[Opening Records for this task section]

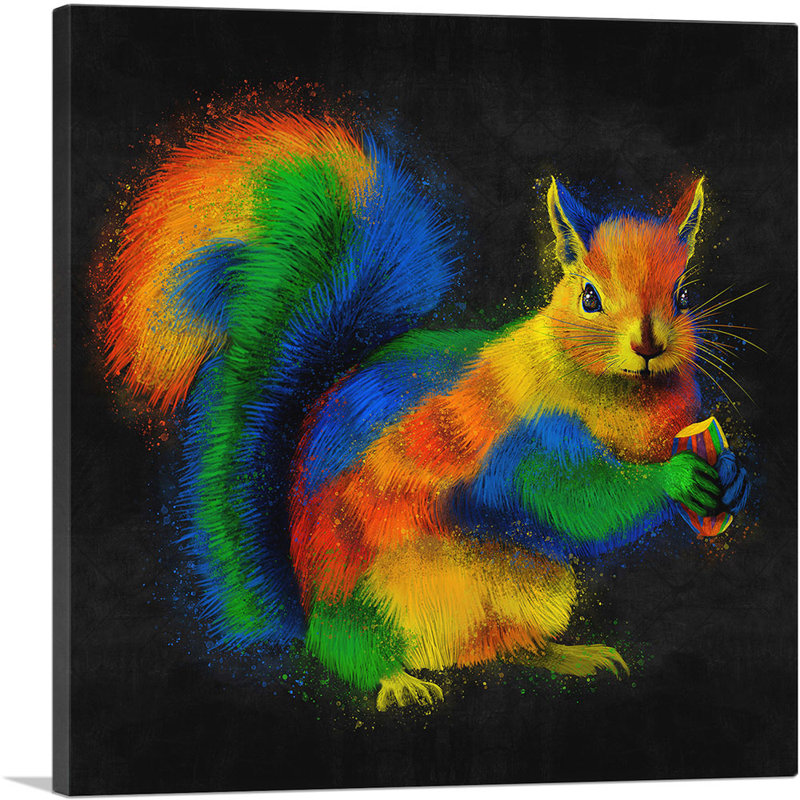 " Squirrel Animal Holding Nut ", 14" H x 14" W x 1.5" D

[Closing Records for this task section]
[Opening Records for this task section]

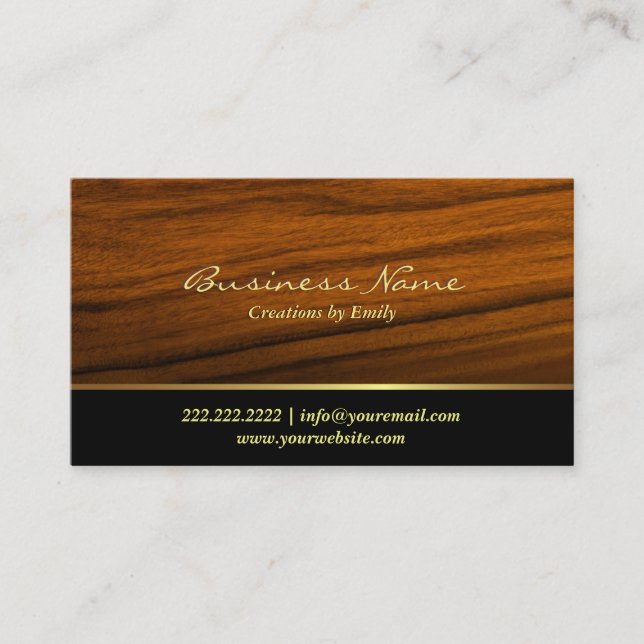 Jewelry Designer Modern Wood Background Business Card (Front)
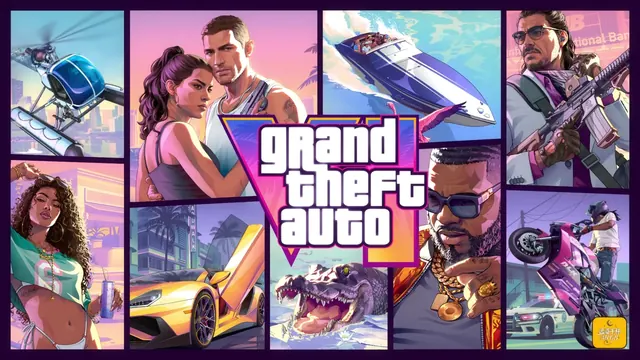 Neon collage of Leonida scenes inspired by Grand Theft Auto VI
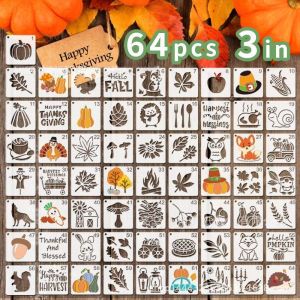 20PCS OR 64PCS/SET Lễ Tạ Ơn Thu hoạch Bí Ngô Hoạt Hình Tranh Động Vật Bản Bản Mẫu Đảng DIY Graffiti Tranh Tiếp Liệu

[Closing Records for this task section]

> _Work required_
Starting at the line above that has "Neon collage of" and ending at the line that has "20PCS OR 64PCS/SET", copy each line exactly, leaving the pictures out and adding nothing.

> _Response to the exercise_
 Neon collage of Leonida scenes inspired by Grand Theft Auto VI
 20PCS OR 64PCS/SET Lễ Tạ Ơn Thu hoạch Bí Ngô Hoạt Hình Tranh Động Vật Bản Bản Mẫu Đảng DIY Graffiti Tranh Tiếp Liệu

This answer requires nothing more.